What is important is the fight and struggle for justice and not the victory nor the
defeat. The saying in Bhagavad Gita "To action you
have a right but not to the fruits thereof" has been a source of great comfort to me
in my life as it has enabled me to cultivate a sense of detachment which is necessary for
happiness and peace of mind.
In the course of these fights for the fundamental rights of the people I
have been compelled to reflect on several matters including the Rule of Law.
Nowadays the Rule of Law has to be maintained more rigorously that ever
before, In a civilised society it is the laws that contribute to the civilised character
of society. It is not the men but the laws, this is the principle of Dharma. It must be
regarded as superior to all men and all other things. Dharma (Law) say the Unpanishads is
the of King of Kings far more powerful and rigid than they. There is nothing higher than
Dharma. By its prowess the weak prevail over the strong and justice triumphs. it is the
concept of Dharma from which all principles of morality and ethics flow.
The goddess of Justice is depicted as blindfolded, holding in one hand
the sword and in the other the scales of Justice, thereby affirming that Justice will be
meted out irrespective of persons, without affection or goodwill. What has to be carried
out is justice pure and simple. If Justice is to be maintained in the country those who
occupy positions of responsibility must be persons of integrity, of detachment, of
objectivity. They must not swerve from their path on account of political or other
extraneous considerations but deal out Justice. If Dharma is violated by who ever it may
be, under that very law divine retribution is inevitable.

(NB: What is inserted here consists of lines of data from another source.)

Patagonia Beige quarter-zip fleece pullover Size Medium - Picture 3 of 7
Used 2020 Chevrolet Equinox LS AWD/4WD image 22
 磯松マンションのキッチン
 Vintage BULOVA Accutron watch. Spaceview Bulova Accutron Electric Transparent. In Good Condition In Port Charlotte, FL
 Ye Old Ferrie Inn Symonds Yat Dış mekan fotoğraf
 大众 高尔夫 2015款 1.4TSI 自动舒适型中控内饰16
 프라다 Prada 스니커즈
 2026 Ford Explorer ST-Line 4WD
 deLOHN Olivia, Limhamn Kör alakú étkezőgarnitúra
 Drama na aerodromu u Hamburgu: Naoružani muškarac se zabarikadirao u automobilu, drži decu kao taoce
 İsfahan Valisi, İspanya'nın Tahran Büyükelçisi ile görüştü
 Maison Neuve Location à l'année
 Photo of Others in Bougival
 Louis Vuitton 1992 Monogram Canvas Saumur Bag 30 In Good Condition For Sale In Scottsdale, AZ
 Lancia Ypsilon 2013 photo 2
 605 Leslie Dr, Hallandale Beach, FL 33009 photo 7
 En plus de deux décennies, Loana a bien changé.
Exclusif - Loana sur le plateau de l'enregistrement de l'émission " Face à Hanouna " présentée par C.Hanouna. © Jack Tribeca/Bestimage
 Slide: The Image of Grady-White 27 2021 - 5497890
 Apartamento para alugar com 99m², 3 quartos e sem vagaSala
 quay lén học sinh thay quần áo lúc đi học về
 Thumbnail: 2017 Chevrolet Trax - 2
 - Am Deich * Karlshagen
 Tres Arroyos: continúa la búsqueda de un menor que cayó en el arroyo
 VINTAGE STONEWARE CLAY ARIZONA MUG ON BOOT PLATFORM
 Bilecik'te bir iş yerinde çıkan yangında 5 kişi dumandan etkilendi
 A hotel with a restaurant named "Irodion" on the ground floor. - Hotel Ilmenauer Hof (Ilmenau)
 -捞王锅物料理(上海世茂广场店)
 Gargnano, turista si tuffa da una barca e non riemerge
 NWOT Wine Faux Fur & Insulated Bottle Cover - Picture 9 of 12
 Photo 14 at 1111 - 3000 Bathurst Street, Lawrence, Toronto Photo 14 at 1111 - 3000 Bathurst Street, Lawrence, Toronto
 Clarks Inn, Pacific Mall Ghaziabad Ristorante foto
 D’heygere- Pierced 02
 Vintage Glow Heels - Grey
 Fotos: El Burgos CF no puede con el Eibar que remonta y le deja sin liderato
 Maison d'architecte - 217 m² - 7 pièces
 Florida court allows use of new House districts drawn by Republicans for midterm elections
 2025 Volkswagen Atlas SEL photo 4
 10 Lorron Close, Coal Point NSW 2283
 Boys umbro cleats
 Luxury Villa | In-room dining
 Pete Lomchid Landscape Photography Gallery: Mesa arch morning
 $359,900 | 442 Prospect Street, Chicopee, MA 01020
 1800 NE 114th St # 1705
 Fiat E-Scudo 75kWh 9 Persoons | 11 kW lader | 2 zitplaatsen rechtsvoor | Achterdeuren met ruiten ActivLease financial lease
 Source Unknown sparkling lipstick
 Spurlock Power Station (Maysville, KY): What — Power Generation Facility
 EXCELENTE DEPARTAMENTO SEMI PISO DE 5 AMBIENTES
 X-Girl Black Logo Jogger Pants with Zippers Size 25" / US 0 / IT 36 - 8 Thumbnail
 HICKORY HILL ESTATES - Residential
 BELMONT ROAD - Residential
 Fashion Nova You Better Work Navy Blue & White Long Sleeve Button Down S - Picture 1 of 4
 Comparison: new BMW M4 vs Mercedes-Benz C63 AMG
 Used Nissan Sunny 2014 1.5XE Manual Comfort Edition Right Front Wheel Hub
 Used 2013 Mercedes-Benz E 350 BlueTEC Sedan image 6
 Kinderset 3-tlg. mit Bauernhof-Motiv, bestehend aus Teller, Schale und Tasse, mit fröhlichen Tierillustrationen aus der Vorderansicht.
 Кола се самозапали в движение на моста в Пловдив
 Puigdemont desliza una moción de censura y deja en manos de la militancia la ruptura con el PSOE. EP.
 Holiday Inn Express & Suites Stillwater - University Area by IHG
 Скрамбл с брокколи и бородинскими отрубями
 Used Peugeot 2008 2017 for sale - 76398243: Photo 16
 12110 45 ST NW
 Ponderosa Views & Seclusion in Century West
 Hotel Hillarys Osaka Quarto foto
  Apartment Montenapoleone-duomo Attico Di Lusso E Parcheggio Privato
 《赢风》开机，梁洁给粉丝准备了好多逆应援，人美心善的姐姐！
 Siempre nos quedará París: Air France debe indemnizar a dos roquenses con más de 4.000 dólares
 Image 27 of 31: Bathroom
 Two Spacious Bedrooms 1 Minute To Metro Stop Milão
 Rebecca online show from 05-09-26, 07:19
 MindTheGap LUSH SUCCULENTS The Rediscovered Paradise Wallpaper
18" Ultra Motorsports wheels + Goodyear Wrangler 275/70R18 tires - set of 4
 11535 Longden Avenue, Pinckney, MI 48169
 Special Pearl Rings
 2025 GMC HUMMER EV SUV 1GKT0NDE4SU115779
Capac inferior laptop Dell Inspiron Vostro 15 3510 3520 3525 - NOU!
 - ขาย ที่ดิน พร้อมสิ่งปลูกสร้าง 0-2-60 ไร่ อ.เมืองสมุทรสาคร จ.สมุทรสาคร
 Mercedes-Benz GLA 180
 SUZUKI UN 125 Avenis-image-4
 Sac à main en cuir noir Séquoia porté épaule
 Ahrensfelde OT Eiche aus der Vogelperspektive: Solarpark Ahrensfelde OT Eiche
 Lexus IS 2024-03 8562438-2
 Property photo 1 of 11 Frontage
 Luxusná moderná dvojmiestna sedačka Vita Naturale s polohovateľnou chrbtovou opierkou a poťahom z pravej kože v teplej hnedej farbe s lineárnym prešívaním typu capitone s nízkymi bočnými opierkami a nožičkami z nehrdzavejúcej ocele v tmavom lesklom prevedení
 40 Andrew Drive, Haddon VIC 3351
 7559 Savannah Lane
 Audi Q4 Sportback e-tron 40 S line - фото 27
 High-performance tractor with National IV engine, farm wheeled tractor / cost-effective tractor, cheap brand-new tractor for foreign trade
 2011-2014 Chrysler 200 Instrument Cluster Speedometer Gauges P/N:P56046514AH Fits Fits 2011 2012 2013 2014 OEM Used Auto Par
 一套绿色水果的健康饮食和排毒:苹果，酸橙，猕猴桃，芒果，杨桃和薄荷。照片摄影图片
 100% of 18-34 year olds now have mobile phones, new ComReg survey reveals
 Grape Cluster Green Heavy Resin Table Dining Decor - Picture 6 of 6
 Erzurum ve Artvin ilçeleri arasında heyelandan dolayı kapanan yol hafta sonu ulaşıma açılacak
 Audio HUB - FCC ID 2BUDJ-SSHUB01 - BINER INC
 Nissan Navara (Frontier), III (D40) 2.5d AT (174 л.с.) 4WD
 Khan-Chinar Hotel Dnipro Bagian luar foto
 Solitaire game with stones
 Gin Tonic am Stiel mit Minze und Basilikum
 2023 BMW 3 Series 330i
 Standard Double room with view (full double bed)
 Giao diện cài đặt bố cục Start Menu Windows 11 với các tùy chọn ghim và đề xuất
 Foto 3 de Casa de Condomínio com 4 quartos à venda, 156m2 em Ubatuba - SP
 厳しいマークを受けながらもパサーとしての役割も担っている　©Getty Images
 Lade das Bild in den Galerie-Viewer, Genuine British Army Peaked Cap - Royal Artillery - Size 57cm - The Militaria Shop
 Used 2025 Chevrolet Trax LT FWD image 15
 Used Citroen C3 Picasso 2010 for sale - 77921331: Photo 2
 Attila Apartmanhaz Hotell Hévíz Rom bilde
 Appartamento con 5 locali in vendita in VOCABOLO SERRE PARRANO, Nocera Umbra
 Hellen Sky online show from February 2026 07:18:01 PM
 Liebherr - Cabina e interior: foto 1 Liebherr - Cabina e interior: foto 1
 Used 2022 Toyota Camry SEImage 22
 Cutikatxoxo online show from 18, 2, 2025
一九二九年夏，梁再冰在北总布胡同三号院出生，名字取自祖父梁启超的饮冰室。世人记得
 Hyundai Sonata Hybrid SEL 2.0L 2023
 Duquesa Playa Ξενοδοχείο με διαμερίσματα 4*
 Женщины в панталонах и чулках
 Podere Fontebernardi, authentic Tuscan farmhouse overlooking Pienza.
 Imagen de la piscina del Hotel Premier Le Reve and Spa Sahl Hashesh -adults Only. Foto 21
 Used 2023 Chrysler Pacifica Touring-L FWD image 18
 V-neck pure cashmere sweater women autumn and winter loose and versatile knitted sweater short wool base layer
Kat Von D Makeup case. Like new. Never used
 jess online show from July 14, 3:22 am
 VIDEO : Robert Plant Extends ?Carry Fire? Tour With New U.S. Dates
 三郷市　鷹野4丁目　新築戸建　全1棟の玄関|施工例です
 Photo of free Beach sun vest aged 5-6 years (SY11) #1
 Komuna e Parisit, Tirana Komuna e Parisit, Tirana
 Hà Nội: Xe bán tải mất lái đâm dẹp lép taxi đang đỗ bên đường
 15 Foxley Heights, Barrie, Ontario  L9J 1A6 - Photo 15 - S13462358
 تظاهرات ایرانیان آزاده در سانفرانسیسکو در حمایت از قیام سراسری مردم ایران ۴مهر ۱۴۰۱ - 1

The Rule of Law is the foundation of democracy. Democracy is a moral
concept. It is something which is pledged to the defence of truth and justice. If we
compromise with evil, with injustice, with untruth, we may gain a temporary advantage but
permanent danger will result.
What is necessary is an integration of human nature giving to it peace
of mind. This requires education and health. Health is a prime necessity. People who are
lacking in health are enslaved by diseases and other consequent factors.
We suffer from ignorance and education is the means to remove it. It
should be of the right type. The educated person should be not merely a better informed or
a more skilled person; he must be a better person and be an example of self control and
disciplined behaviour. We cannot attain an integrated personality by wealth or earning. We
suffer from mental unrest and anxiety. We want stimulants and sedatives. Malnutrition,
under nutrition and over nutrition, apart from the hectic pace of life with its stresses
and strains, is responsible for the diseases of civilisation .
Life has become soft. Health is not a commodity to be prescribed by a
doctor and purchased over the counter at a dispensary. It can only be attained if we live
in harmony with nature. We need a well ordered life: without inward peace we cannot be
happy. I do not want to say more on this matter lest I be accused of riding my hobby horse
on an occasion such as this.
I thank you Mr. Chairman, the Trustees of the Institute, and all of you
Ladies and Gentlemen and friends who are gathered here. You have humbled me with this
award. But you have honoured the noble spirit of Father Peter Pillai and of the Civil
Rights Movement of this country to which I am proud to belong.